• **RECORDS SHOWN**
####
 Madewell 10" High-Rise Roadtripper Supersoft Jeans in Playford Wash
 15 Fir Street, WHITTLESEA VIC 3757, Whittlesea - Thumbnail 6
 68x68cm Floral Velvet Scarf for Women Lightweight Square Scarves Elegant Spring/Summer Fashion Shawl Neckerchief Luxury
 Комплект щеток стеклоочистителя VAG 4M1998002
####
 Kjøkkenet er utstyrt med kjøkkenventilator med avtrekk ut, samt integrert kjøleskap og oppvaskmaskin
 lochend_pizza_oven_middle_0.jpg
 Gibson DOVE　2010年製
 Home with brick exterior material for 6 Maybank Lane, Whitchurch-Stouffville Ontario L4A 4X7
####
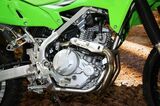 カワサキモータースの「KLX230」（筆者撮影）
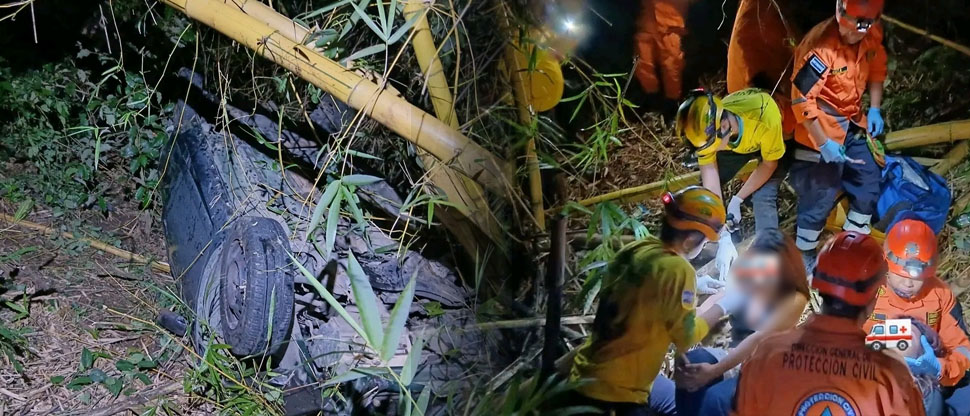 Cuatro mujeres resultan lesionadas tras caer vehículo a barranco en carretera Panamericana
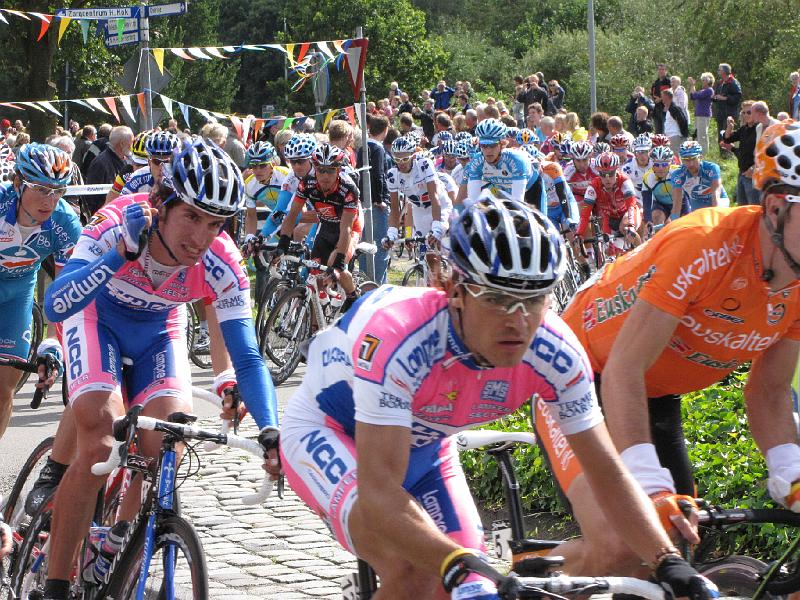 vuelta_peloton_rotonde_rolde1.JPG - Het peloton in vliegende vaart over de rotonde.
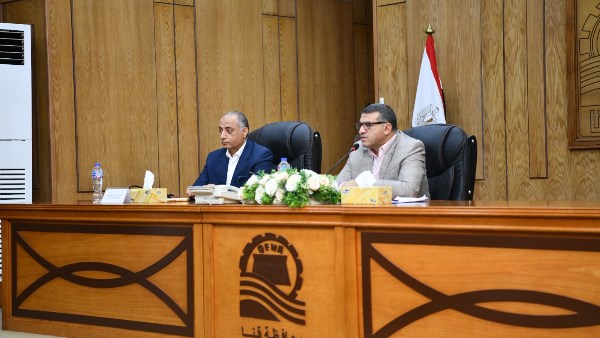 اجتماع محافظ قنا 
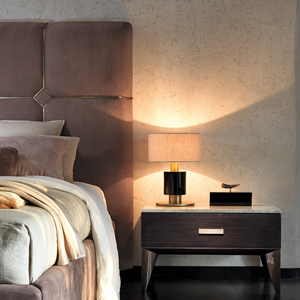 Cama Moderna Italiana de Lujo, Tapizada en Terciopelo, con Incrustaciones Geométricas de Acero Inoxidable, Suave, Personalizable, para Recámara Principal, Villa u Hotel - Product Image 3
####
• **WORK INSTRUCTION**
In the material above, transcribe exactly the lines beginning at the one with "in Playford Wash" and ending at the one with "Комплект щеток стеклоочистителя", both included.

• **OUTPUT**
 Madewell 10" High-Rise Roadtripper Supersoft Jeans in Playford Wash
 15 Fir Street, WHITTLESEA VIC 3757, Whittlesea - Thumbnail 6
 68x68cm Floral Velvet Scarf for Women Lightweight Square Scarves Elegant Spring/Summer Fashion Shawl Neckerchief Luxury
 Комплект щеток стеклоочистителя VAG 4M1998002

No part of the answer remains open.